Open Source Echo

Just a heads up that Chris Lord from the Vaani team reimplemented the Amazon Echo using open source libraries and node.js.

His project is compatible with the skills API and as such can be used as a drop-in replacement of the Echo. He wrote in details about his project at http://chrislord.net/index.php/2016/06/01/open-source-speech-recognition/ and the code is available from https://gitlab.com/Cwiiis/ferris

His project works offline (except of course if a skill needs an internet connection).

If Echo skills are so easily to reimplement, why not add them to Project Link and benefit from a free and rich ecosystem from day 1?

Any thoughts?

What I really like about Cwiiis’s project is that it shows what we can expect from pocketsphinx for the offline voice recognition when we feed it a limited grammar. That is very encouraging.
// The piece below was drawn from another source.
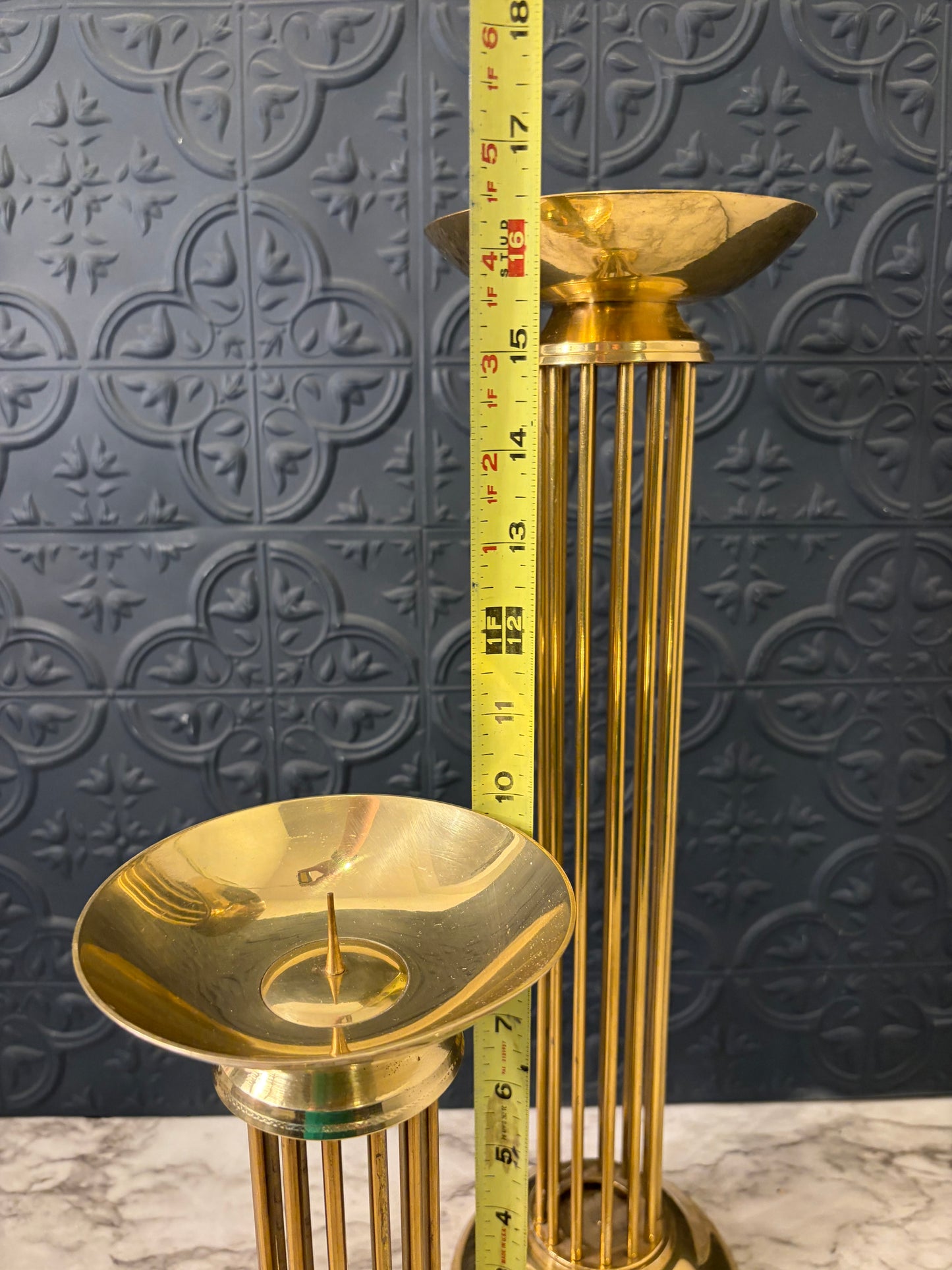 Brass Pillar Set of 2 Open Rod Design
However I’m not sure how that would give us access to the Echo ecosystem directly. People writing skills would still have to register them with Link (how?), and they run these services on any cloud platform of their choice or AWS lambda, which is not ideal from a privacy point of view. Even if the skill acts as an intermediary to present data from eg. a weather service, I would rather have the voice + the code talking to the weather service on the foxbox instead of having just the voice on the box, and everything else in the cloud. Am I missing something?
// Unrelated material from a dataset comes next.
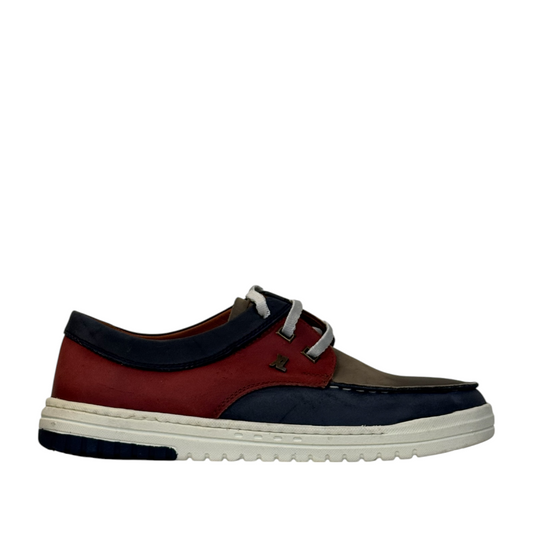 XL EVER LIFE GHEYSARIEH casual sneaker in red, navy, and grey leather with white rubber sole. Photo of right side view.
So what about running the skills in the foxbox service workers?
We discussed that in the early stage of the project where service workers would run in the box. We could have the code for the skills to run in workers to which we can post messages when we receive a command.
This would force the skills source code to be open source and hackable by default. Think of it as add-ons for project Link. Doing so encourages an ecosystem and a community of developers to add new features.
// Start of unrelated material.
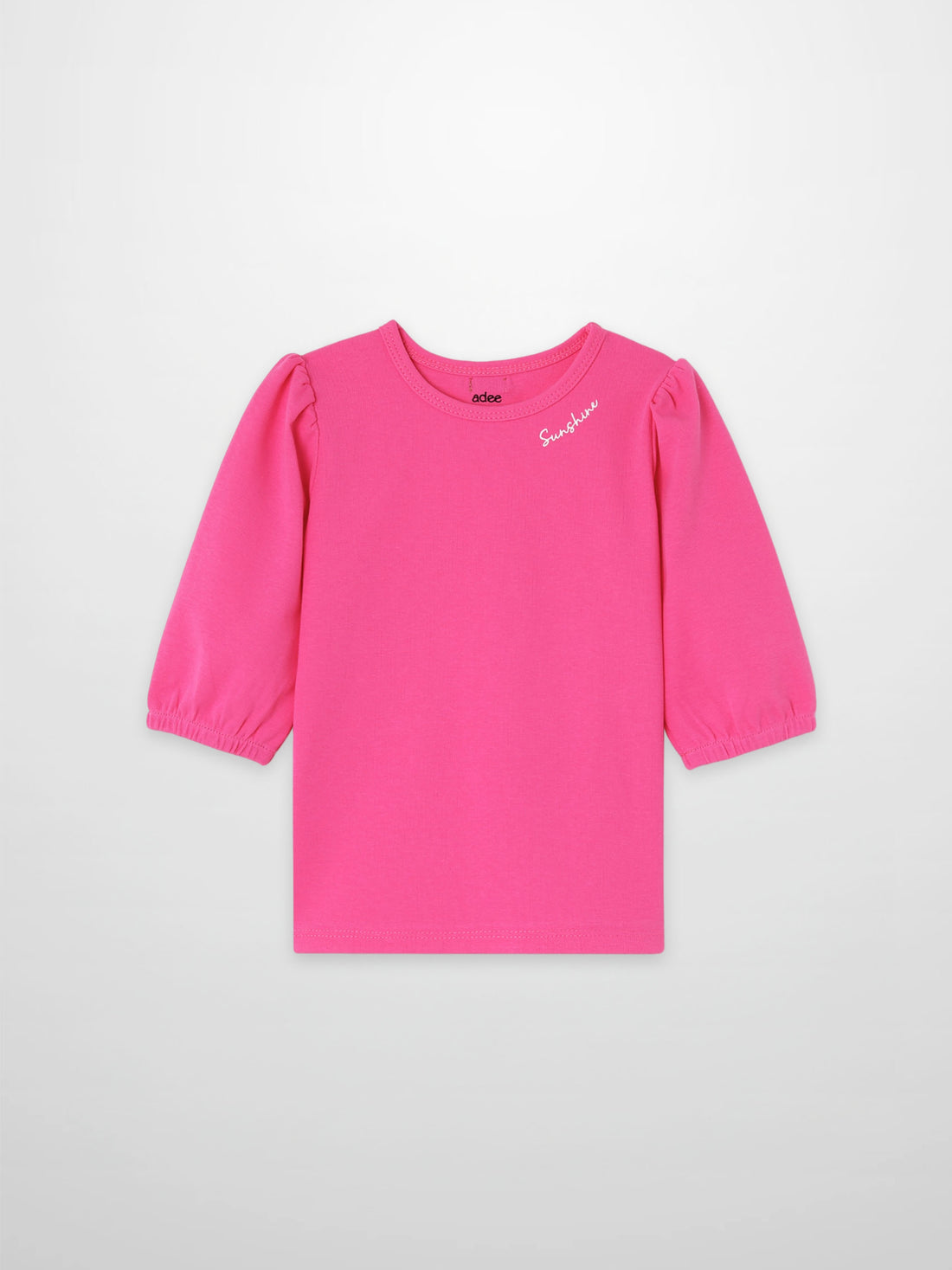 3/4 Sleeve Bubble T-Shirt - Pink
But then of course we need to solve the registration issue, but I can’t really see any difficulties here.

So that’s the other major difference between Ferris and Echo that I should probably stick in the README - this runs skills locally, there’s no cloud involvement. Of course, it means the skill needs to work outside of AWS (or use some kind of AWS shim script), but most of the 3rd party skills I’ve come across so far don’t actually require AWS at all.

You’re right in that it doesn’t provide access to the Echo ecosystem directly, but it does provide (possibly) a quick way for people with Echo skills to deploy elsewhere with little to no work.

Running the skills as js workers is the way to go, yes! Which means that they will be setup by a simple webapp provided by the skill’s author.
We need to have a way to trigger them, likely with some “skill adapter” that will listen to the voice input and trigger notifications when it detects a skill.